People have more information on the net on war and the carnage that results, but it’s also distorted, and sometimes the reality is indistinguishable from the hyperbole.

But yet, the internet was supposed to cut through all the disinformation and deliver the facts to those who needed it. The visuals are there, they travel easily via a myriad loops electronically, and they pack a punch.

But yet, war persists not because of the internet or its inherent flaws but as a result of human failure. The internet may expose war and the folly that results, and the inhumanity of it all, from whichever side of the divide you are making an assessment.

But there is nobody in a powerful position it seems, who is moved enough to be able to stop these wars nevertheless. The internet may show the details of war in microscopic terms almost, but people are still thick to all the exposes and the penetrative coverage. It’s what those who prophesied the Internet will make war disappear didn’t bargain for.

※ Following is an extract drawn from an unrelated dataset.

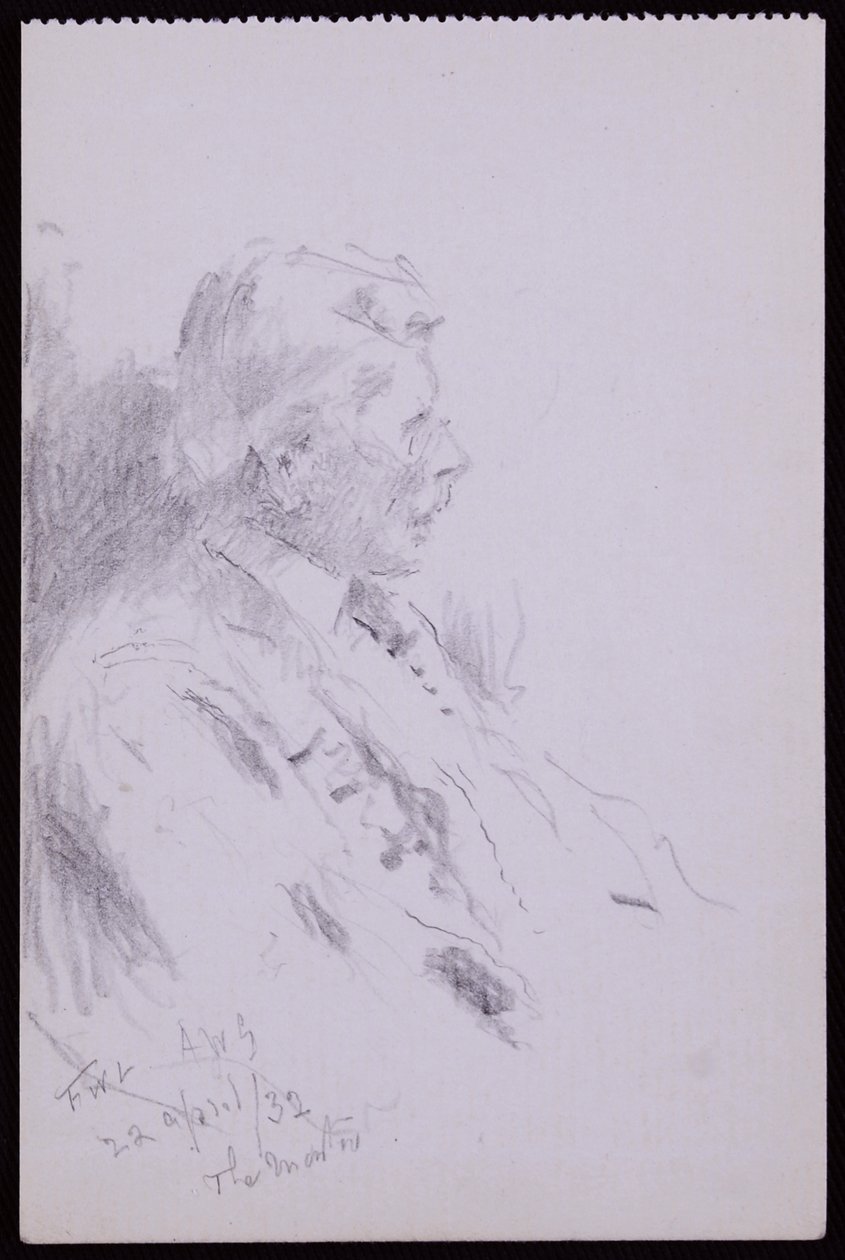 Portret van Basil Oliver door Francis Wilfred Lawson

Amarthya Sen was probably right. More information should definitely stop famine and similar destruction through war for instance. But there is a massive difference between should, and how it all turns out in reality in the end.


It can be argued that the internet is not a democratised space. But there is enough free speech to ensure that the basic contours of democracy are left intact on the worldwide web. Yes, sometimes the powerful have a propaganda advantage and can dominate certain platforms that act as democratising forums ostensibly in cyberspace.

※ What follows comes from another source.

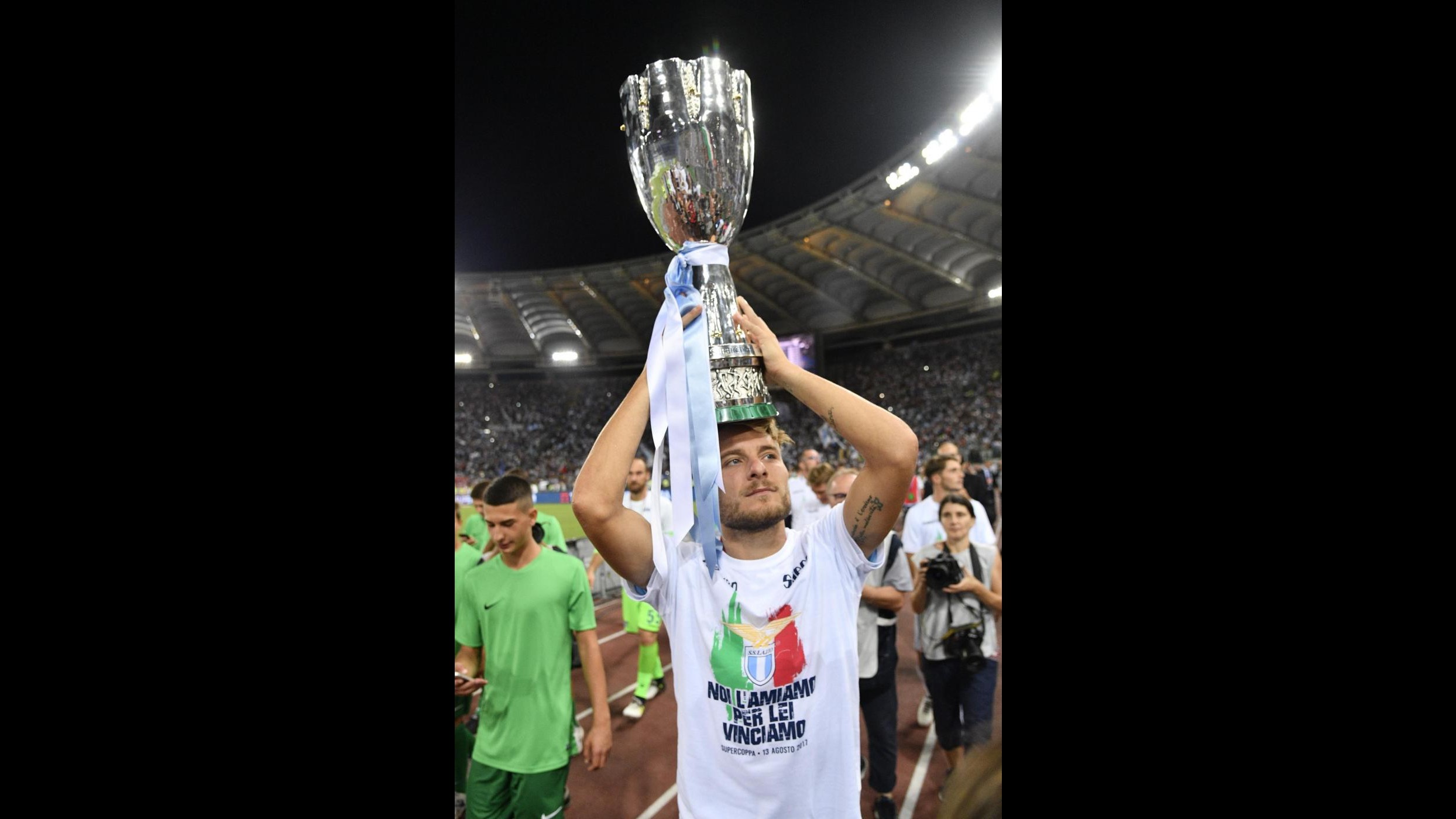 FOTO Supercoppa 2017, la vittoria della Lazio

But who can say there is a dearth of information? There is enough to vindicate those who stated in the pre-internet age that worldwide connectivity would stop wars.

But wars continue because name and shame or other tactics don’t work when it comes to wars. People can be exposed by visuals, but they couldn’t care less. There is impunity for a lot of the actors and this writer is not focusing on who these actors may be, because there are other writers to do that job and who do it extremely well.

Humanity’s failings in the end cannot be blamed on technology. The internet has expanded, but minds have not. Minds seem on the contrary to have shrunk, and that’s the potential glitch in the matrix that those who predicted the future in the pre-internet age, missed colossally.

They missed the ability to see that in the midst of positive and enabling technology, the worst instincts of humanity may trump, using that same technology which was supposed to emancipate human-kind.

Humans are not empathetic creatures, and most definitely not when they are seeing moving pictures. So worldwide connectivity has become something of a diversion where people go to watch a bit of war in real time, or maybe what’s called war-porn.

Though what they see is real, it doesn’t seem to be real to them because on YouTube and dozen other platforms, along with war, they also watch the day’s sports, and maybe visit the betting sites too, on their way out.

Those who rule and make decisions follow the same routine, most likely. They may confer on the internet with those who suffer in the middle of the theatre of war one moment, but in the next, they can switch off the Zoom-feed and go and watch some cat videos, or Taylor Swift.

Mass connectivity alas then is mass desensitisation also. Those who said the internet would stop all wars didn’t bargain for the fact that technology can do nothing about human folly.

When things don’t work the way they expected, people blame the technology. They say it’s the nature of the tech that has allowed high-tech firms to build monopolies and concentrate their power.

But it’s not the way the technology is ordered but how human interactions are organised that’s the problem. There is no respect. Details, information, the truth, frame by frame replays of the truth, well none of this matters to most people, and most powerful people in particular.

If it’s somebody else that suffers they don’t mind seeing it on the internet feed, because that’s what everyone is seeing anyway, and Amarthya Sen may have been right about a lack of information, but he would have not bargained for the information overload. The internet has not stopped wars, and certainly pigs haven’t learnt to fly. Humans should reform themselves, before beginning to say the next big thing, AI for instance, would stop all human suffering.